The Winner’s Checklist for World Domination
Campaign strategies for the aspiring dictator
By Arya Sureshbabu
So you want to be the most revolutionary, radical, earth-shatteringly rad president ever to grace the face of this planet. A noble goal. But if you wish to share your fabulous intellect and unparalleled charm with our needy world, you’re going to have to abandon those mainstream campaign strategies—you know, the ones which rely on integrity and honesty and rationality. Here are your new and improved campaign strategies, brought to you by the ghosts of Caesars and Napoleons past.
- Know your voters. No, don’t be acquainted with them. KNOW THEM. It’s the difference between that obscure sweaty guy you met somewhere at that one tennis tournament and your soul mate. So how do you take that perspiring athlete and turn him into your voter? Easy. Stalk him. Start with a scroll through his Facebook, then ransack his Instagram. Next, use your deduction skills to piece together his residential area. Storm in as stealthily as possible. Learn the ins and outs of his everyday life—what puns he likes, what color his cat is, the exact location of certain nerves in his rather disconcertingly shaped eyeball. And then use all of that information to target your campaigning to him. And only him.

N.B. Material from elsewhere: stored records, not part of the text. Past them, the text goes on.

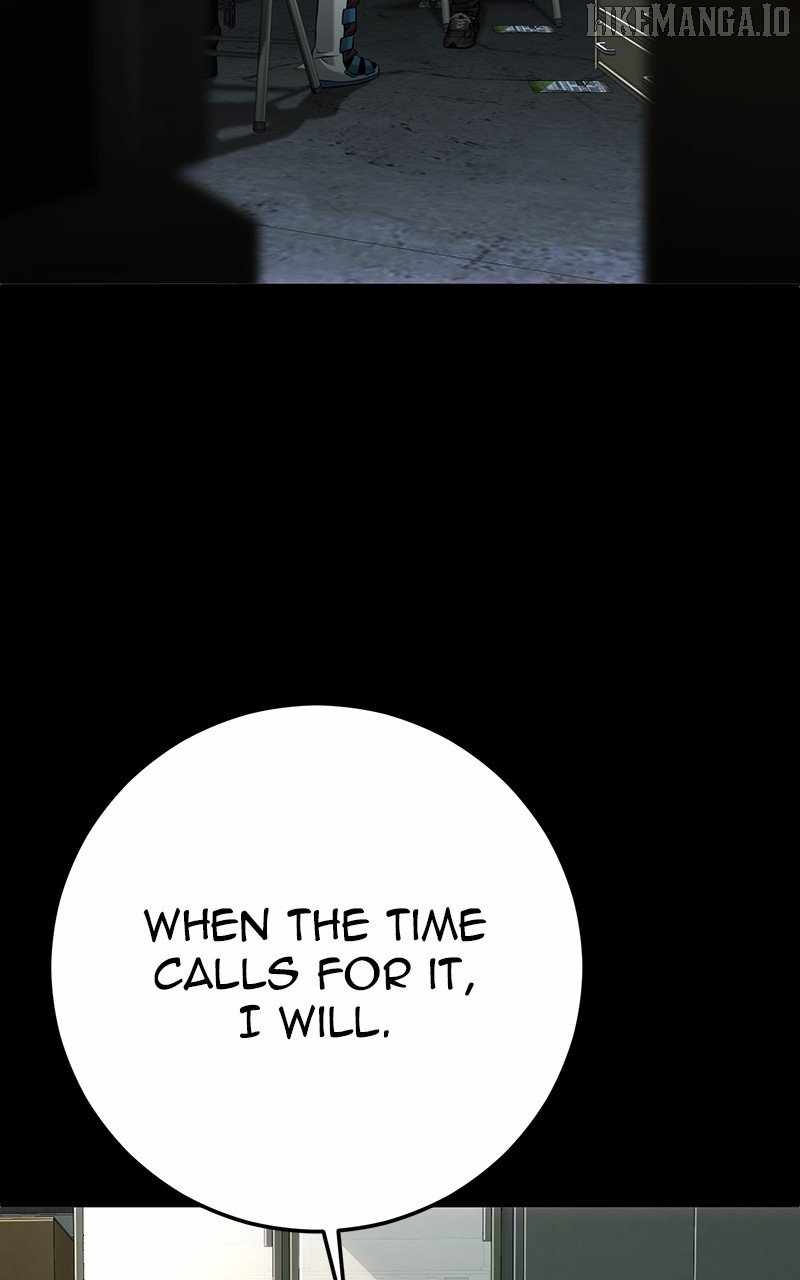 Son’s Retribution Chapter 59 - Page 77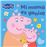 Peppa Pig. Un cuento - Mi mamá es genial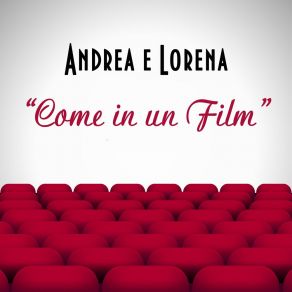 Download track L'amore E' Una Cosa Meravigliosa (Main Theme) Orchestra Andrea E Lorena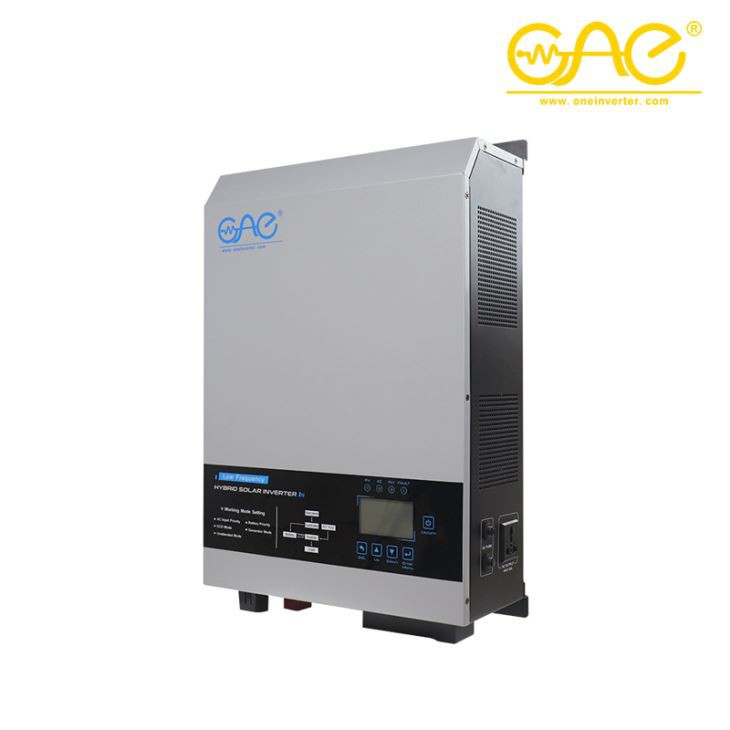 off grid 2kw 24v inverter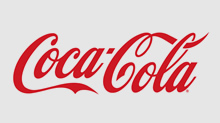 Coca Cola 2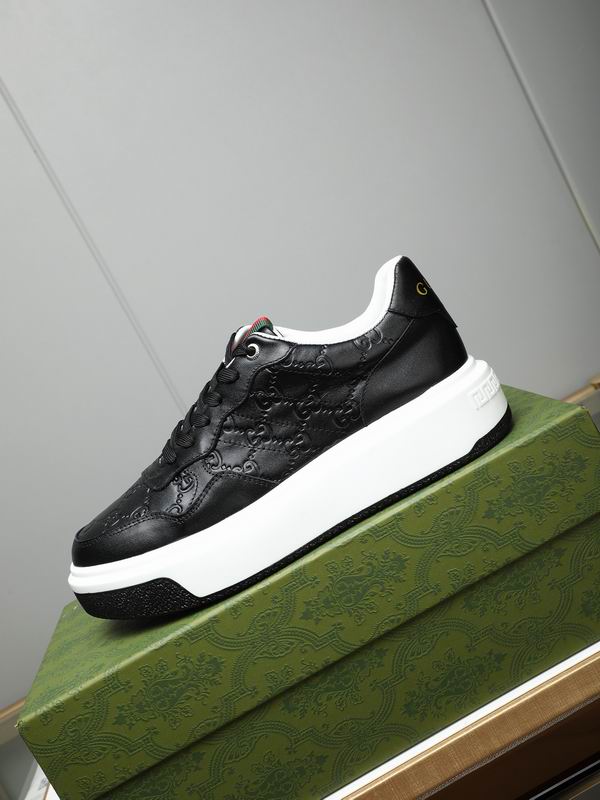 Gucci sz38-45 hnh0324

- Don’t just talk the talk. Walk the walk. Any Robespierre knows that the only thing in campaigning more important than bellowing threats to your sacrilegious non-believers from the rooftops is the way you walk. That nonchalant stride of yours doesn’t scream “dictator” at anyone. As a matter of fact, it doesn’t even mumble it. Spend the next three months perfecting your campaign strut. Not a swagger, a strut. Watch emperor penguins for examples. Neck movements are mandatory. Bonus: Add stilts and a smirk.
- Appeal to your voters. Wink repeatedly. With both eyes. Covertly whisk out that fabulous in-class essay and wave it about in the air, making sure he or she glimpses that A. Drop hints about your GPA and SAT score. If this plan fails, prepare for the sneak attack. Find his or her locker. Hide in the nearest trash can and wait for the opportune moment to jump out. Corner him or her and begin to wax poetic. Shakespeare is preferred, but any French dude will do as well, so long as you fake the accent right. Better yet, use Edgar Allan Poe. Your target may never touch an English book again, but, hey, all’s fair in love and war.